新病棟での最初の一週間は悪夢のようだった。
「203号室の点滴ラインが詰まっています!」
「板垣先生!220号室の患者さんのバイタル低下してます!」
「新しい電子カルテシステムがまたフリーズしました!」
ナースステーションは常に怒号と警告音に包まれていた。
蕾は一日中病室とステーションを行き来し、リーダーとして各チームに指示を出さなければならなかった。
「吉岡さん!207号室の酸素流量確認してください!それから山本さん、薬剤チェックお願いしますっ」
休む暇もない。
有澤先生もほとんど似たような状況だった。
措置入院後の患者管理に追われながら新病棟の医療機器の調整にも奔走しているようだ。
そんな慌ただしい日々の中で、一度だけ病棟の廊下で有澤先生と擦れ違ったことがあった。忙殺されていた蕾は彼が声をかけてくれても挨拶だけで立ち去ってしまうのが精一杯だった。
「桜井さ……」
「先生ごめんなさい。いま急いでてっ…」
それだけで終わってしまう短い遭遇が何度か繰り返された。寂しいとは思ったけれど、それどころではなかった。

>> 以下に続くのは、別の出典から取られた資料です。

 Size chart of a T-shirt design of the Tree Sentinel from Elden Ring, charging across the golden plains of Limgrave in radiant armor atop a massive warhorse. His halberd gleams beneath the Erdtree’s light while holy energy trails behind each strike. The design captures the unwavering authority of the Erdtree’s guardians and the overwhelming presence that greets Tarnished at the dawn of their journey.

3ヶ月目に入ると少しずつ改善の兆しが見え始めた。新しいシステムにも慣れ始め、人員配置も最適化されてきた。
初霜が地面を白く彩る朝のこと。
病院内はインフルエンザ予防接種の準備で慌ただしかった。
新病棟に移ってから初めての冬。
蕾は朝からワクチンの予防接種リストと睨めっこしていた。
「桜井さん、9時半から病棟で予防接種始まるからお願いねー。」
吉岡さんの声に頷く。
有澤先生も参加するはずだ。胸が高鳴る。
「はーい、了解です。」
時間が来て病棟の人材室に行くと既に行列ができていた。
有澤先生は白衣の袖をまくりながら患者の問診を始めていた。
その横で吉岡さんがテキパキと書類整理をしている。
「桜井さんは隣の診察室でお願いできる?」
有澤先生の柔らかな指示に緊張しながら頷いた。
自分の受け持った患者の接種準備を進めていると、隣から聞き覚えのある声が聞こえてきた。
「大丈夫ですよ。すぐに終わりますから。」
その声に思わず顔を上げると、有澤先生が問診票を見ながら、若い患者にワクチンの注射を打つ準備をしていた。
「◯◯さん、左腕出しましょうね。」
蕾は直ぐに患者の体制を整え、打ちやすいように患者の腕を支えた。
彼のシリンジを持つ手際よい動きに目を奪われる。ふとした瞬間、蕾の視線が彼と交差した。
ーーその時だった。
次の患者の腕を押さえていた蕾の手に、不意に有澤先生の手が重ねられた。
「……っ。」
体温の高い大きな手が、蕾の白い手袋の上に重なる。
ドキンと心臓が跳ねた。
周りの目がない隙をついた巧妙なスキンシップに呼吸が乱れる。
「では、あちらで待機しててくださいねー。」
そう言いながらさりげなく手を離す有澤先生。
だがその温もりは長く蕾の指先に残った。